Task data Start Marker
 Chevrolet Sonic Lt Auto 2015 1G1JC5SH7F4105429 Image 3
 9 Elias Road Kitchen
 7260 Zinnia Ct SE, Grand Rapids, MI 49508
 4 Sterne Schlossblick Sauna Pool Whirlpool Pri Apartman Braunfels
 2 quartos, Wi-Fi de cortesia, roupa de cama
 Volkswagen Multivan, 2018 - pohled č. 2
Task data End Marker
Task data Start Marker
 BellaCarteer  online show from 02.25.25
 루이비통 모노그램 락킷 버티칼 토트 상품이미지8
Task data End Marker
Give back, unchanged, the run of lines in the listing above that begins at the line containing "Chevrolet Sonic Lt" and ends at the line containing "Volkswagen Multivan, 2018 - pohled č. 2", both included.

#### [Solution for this exercise]
 Chevrolet Sonic Lt Auto 2015 1G1JC5SH7F4105429 Image 3
 9 Elias Road Kitchen
 7260 Zinnia Ct SE, Grand Rapids, MI 49508
 4 Sterne Schlossblick Sauna Pool Whirlpool Pri Apartman Braunfels
 2 quartos, Wi-Fi de cortesia, roupa de cama
 Volkswagen Multivan, 2018 - pohled č. 2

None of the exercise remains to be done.